Banks must offer all customers a basic current account at the very least, the Chancellor has announced.
He says over the next five years one million more people will have access to a current account, as revealed in yesterday's Bank accounts for all MSE news story.
The Government intends to introduce what it calls a "universal service obligation" giving people the right to a basic bank account under certain conditions. The exact details of the plan are subject to a consultation.
Many consumers complain they are unable to get any account facility when they apply, which leaves them unable to carry out transactions that many take for granted (see the Best Bank Accounts guide).
Almost two million people cannot get an account due to a poor credit rating or because they have only been resident in the UK for a short time.
Many are rejected when applying for a standard account but should be offered a basic facility instead. Basic bank accounts usually come with no overdraft and no debit card.

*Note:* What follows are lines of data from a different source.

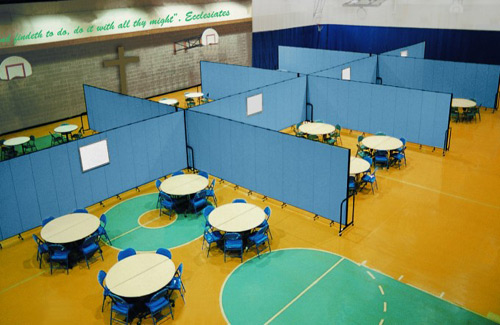 Temporary wall systems for education - gymnasium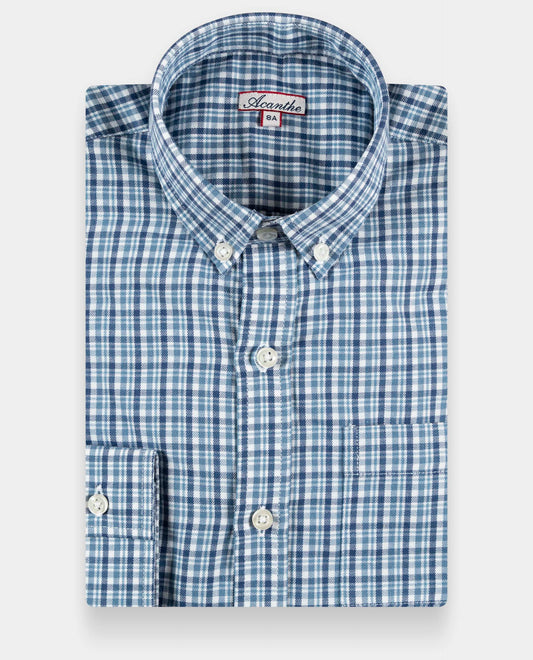 chemise ml flanelle carreau bleu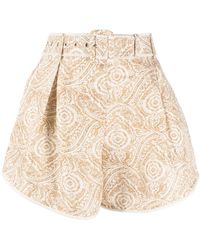 Ixiah - Stonemark-print Belted Mini Shorts - Lyst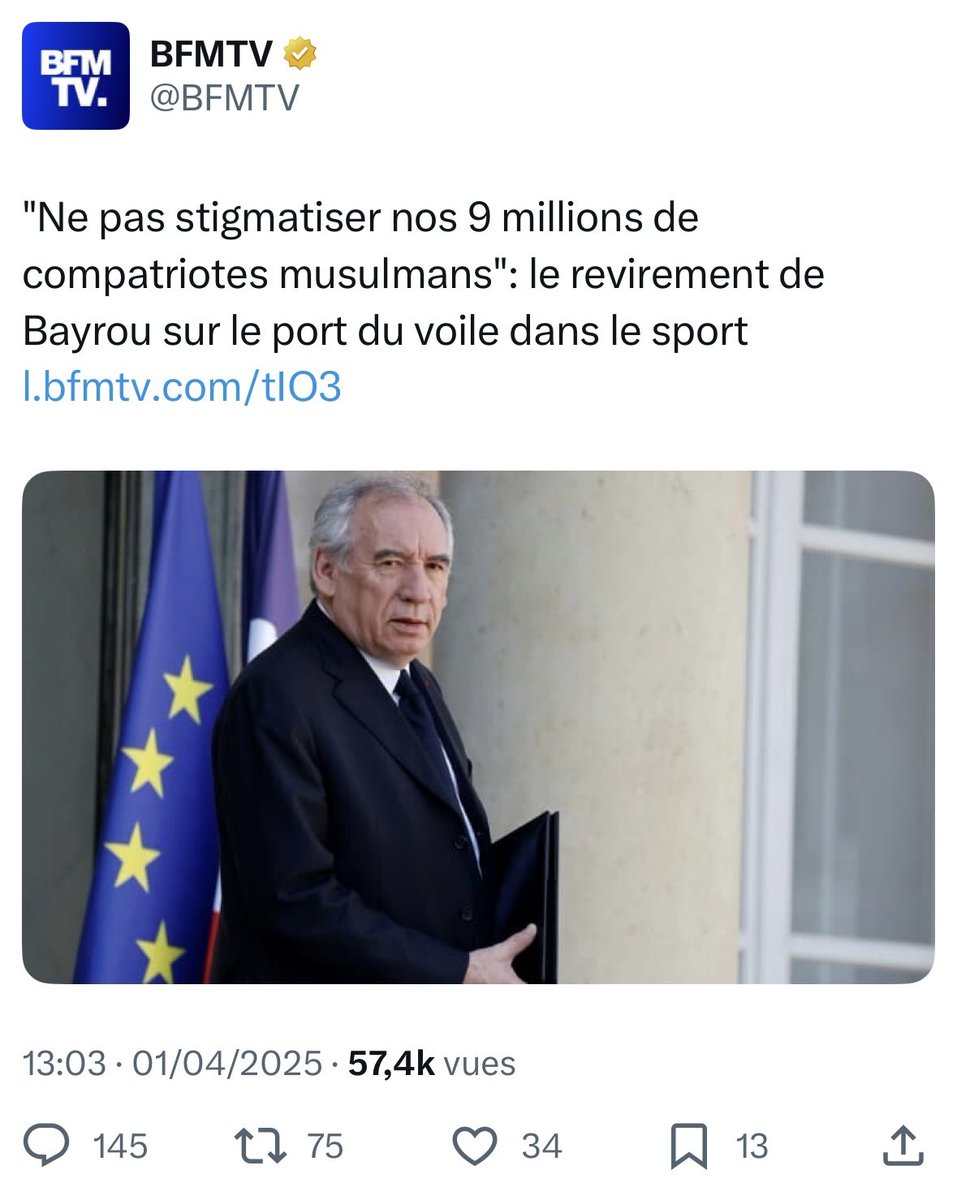 Lettre ouverte à François Bayrou

Monsieur Bayrou,

Vous avez déclaré qu’il ne faut pas stigmatiser les musulmans à propos du voile dans le sport. Mais c’est vous qui stigmatisez des milliers de femmes, des femmes comme moi, qui ont refusé le voile. Vous nous rendez invisibles.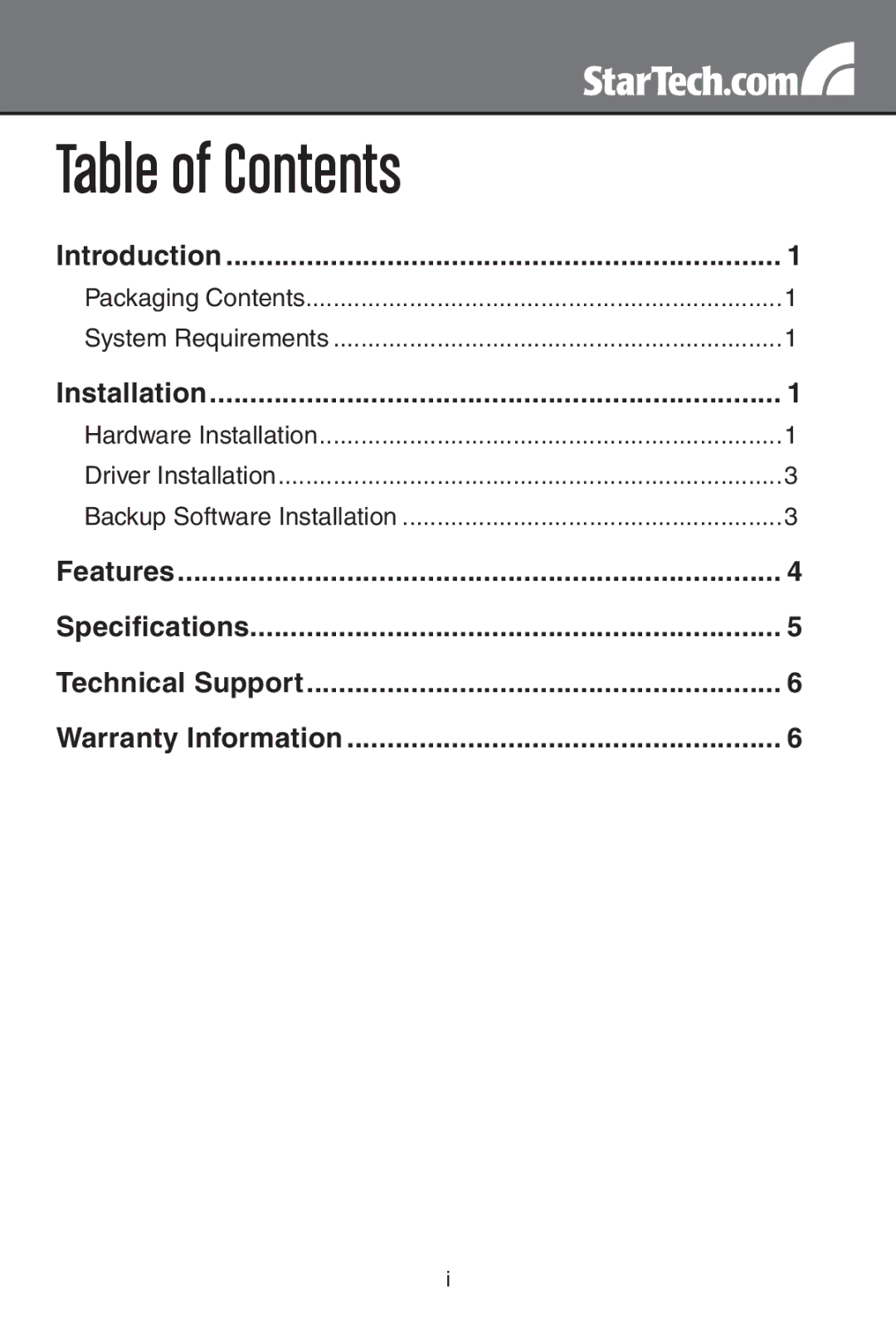 StarTech.com SAT2510BU2B instruction manual Table of Contents 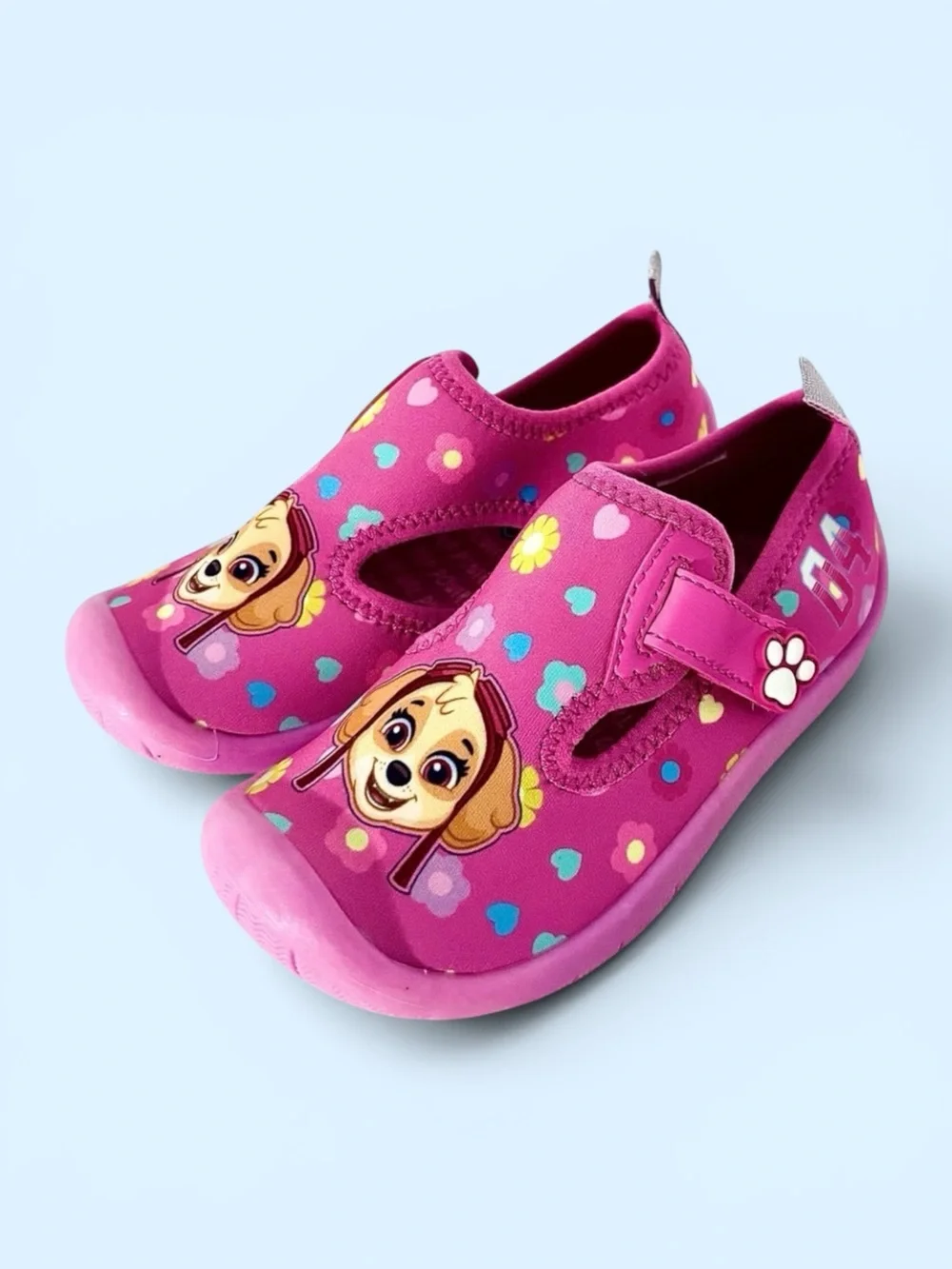NWOT Paw Patrol Skye Water Shoes Pink Floral Thick‑Sole Toddler Girl 10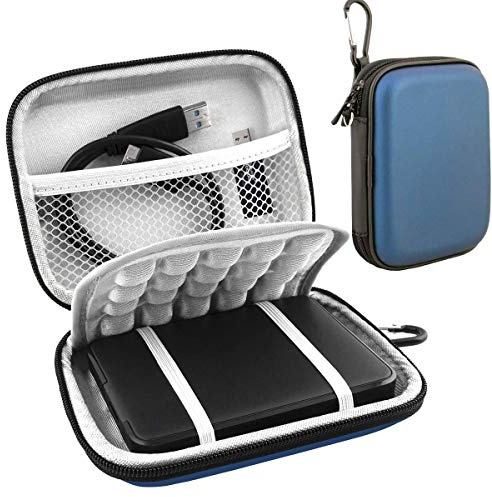 Lacdo Custodia Hard Disk Esterno 2.5 per Western Digital WD Elements, WD My Passport, WD My Passport for Mac 1TB 2TB 3TB 4TB 5TB HDD Custodia Antiurto Impermeabile Accessori Protettiva Borsa, Blu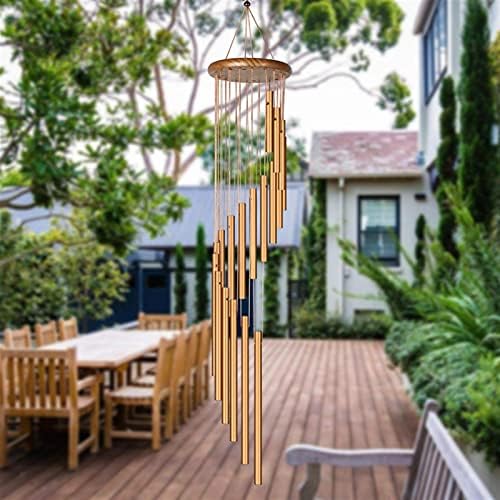 Wind Chimes 90cm Copper Wind Chimes Outdoor Living Yard Tubes Bells Garden Decorations Metal WindChimes 18 Tubes BellsHanging Home Decor (Color : Silver) - Image 3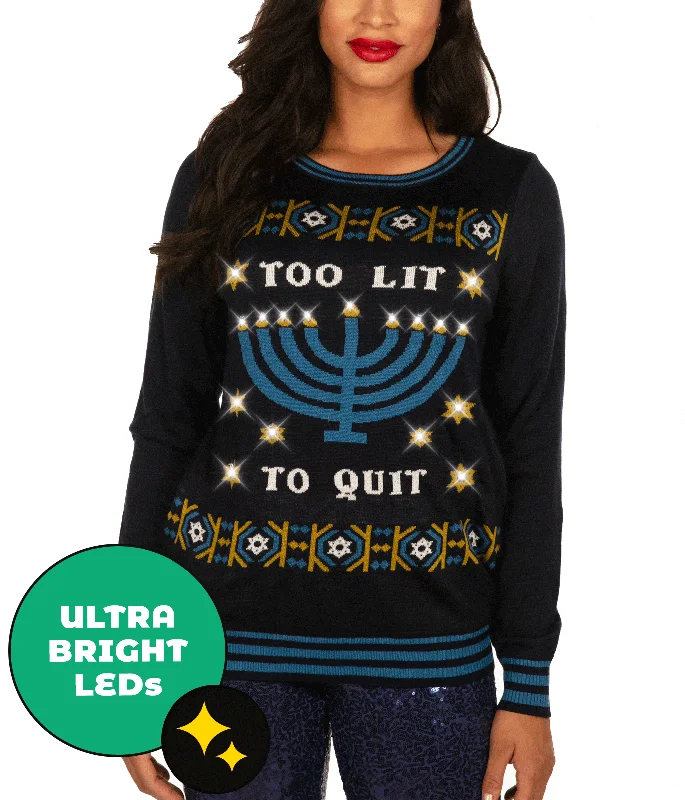 Women's Too Lit to Quit Light Up Ugly Hanukkah Sweater Print Jacquard Patchwork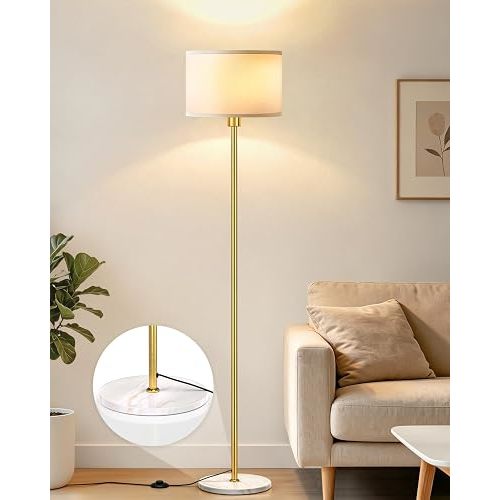 63" Gold Floor Lamp for Living Room, Standing Lamp with Marble Base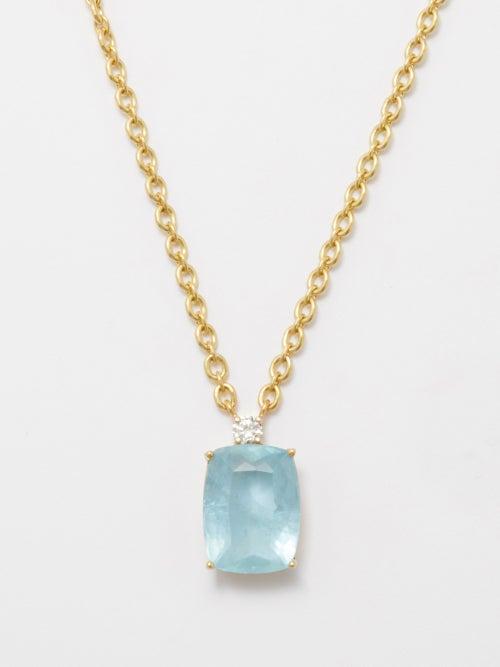 Irene Neuwirth - Gemmy Gem Diamond, Aquamarine & 18kt Gold Necklace - Womens - Blue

Martin Lewis, MoneySavingExpert.com founder, says: "This is long overdue. While banks have been offering basic bank accounts for a long time, their application process indicates they don't really want to offer them.
"Go into some branches, and say you've a poor credit score, and you'll often just be given a normal application – rejection ensues and instead of saying 'try applying for a basic account' you're allowed to walk out unbanked.
"Banks can't have it both ways. Basic bank accounts were brought in as a sop to offset political pressure for banking for all. But if banks are promising current accounts for all they need to deliver – hopefully this will be a step forward."
The British Bankers' Association says in a statement: "Everybody can have a bank account if they want one, unless, and this is rare, the law says they can't.
"It is unclear whether a legal obligation to provide such accounts would make any difference to this steady trend."